Discussion in 'General Instruction [BG]' started by Tupac, Jul 10, 2013.

  1. Tupac


    May 5, 2011
    Do you guys notice any correlation between your timing and cleanliness when turned up or down in a mix? I found that my timing sounds the best when put down in the mix because I can clearly hear all the drum hits, but it sounds very unclean obviously because I can't detect when I make flubs or ringing strings. How can I learn to play just as well regardless of volume?
  2. worxforme

    worxforme Self Actualized Bad Speller

    Dec 10, 2009
    LAnsing MI
    For me it was practice.... both practicing with a metronome and playing along with the songs until they just became second nature and then your in the flow.
  3. 20db pad

    20db pad

    Feb 11, 2003
    I been everywhere, man...
    None. At all.
    If your timing and cleanliness are affected by volume, you have work to do with ensembles as well as alone with a metronome. There is no shortcut, it only comes with experience, work, and time. Out in the performing world, you'll never have as much control over your volume and tone as you think and you still have to perform well regardless.
  4. Bent77


    Mar 6, 2013
    Desert, Colorado
    When you practice at home, unplug. I have caught several things I do wrong when the amp is off...
  5. puddin tame

    puddin tame Guest

    Aug 14, 2010
    You're probably just as band when you're quiet but you just can't hear it. The answer is a lot of practice and general experience to improve
  6. Tupac


    May 5, 2011
    I've found that that really makes me sloppy. I always noodle around while watching TV and when I plug in, I realize how sloppy I sound. You can barely hear any nuances when unplugged.
  7. Rockin Mike

    Rockin Mike

    May 27, 2011
    Practicing with a headphone amp can really show you where you need to clean up. and most of them have a jack where you can mix in a metronome or music player to work on your timing.
  8. Regardless of volume ---- I think you must be able to hear yourself. Read on..... for how we do this.

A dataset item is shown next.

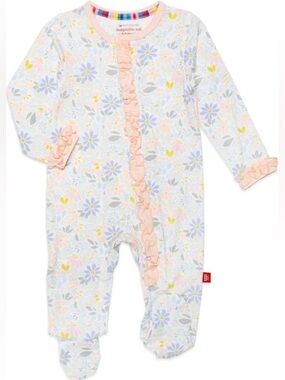 Magnetic Me Darby Floral Modal Footie Magnetic Onesie 3-6M NWT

    I need (like) to hear myself, the drummer and the lead vocalist. To do that we each have this monitor (Sorry do not know it's name or what it is called beyond monitor.) where I can control the volume of each instrument or voice to my stage monitor, i.e. 12 different inputs to my monitor on stage. For example:

    Mike's rhythm guitar #1.
    Mike's voice #2.
    Sharon's keyboard #3.
    Sharon's voice #4.
    Sallie's keyboard # 5
    Sallie's voice #6
    John's Drums #7.
    David's lead guitar #8
    David's voice #9.
    My bass #10.
    Guest instrument #11.
    Guest voice # 12.
    If I'm having trouble hearing what I'm doing I can increase the volume on # 10. If I need to increase or decrease one of the other inputs I can -- and it does not affect the house mix that is controlled by the sound person through the sound board.

    So ---- my point. If it was not important that we know what we sound like no one would have invented that monitor I talked about. Yes, you gotta hear what you are doing - one way or the other, so you can keep the good stuff coming.

    There are all kinds of aids that allow you to hear yourself - within the mix. The guys have already mentioned a few, talk to your local music store and see what they recommend. Perhaps an ear bud from your amp.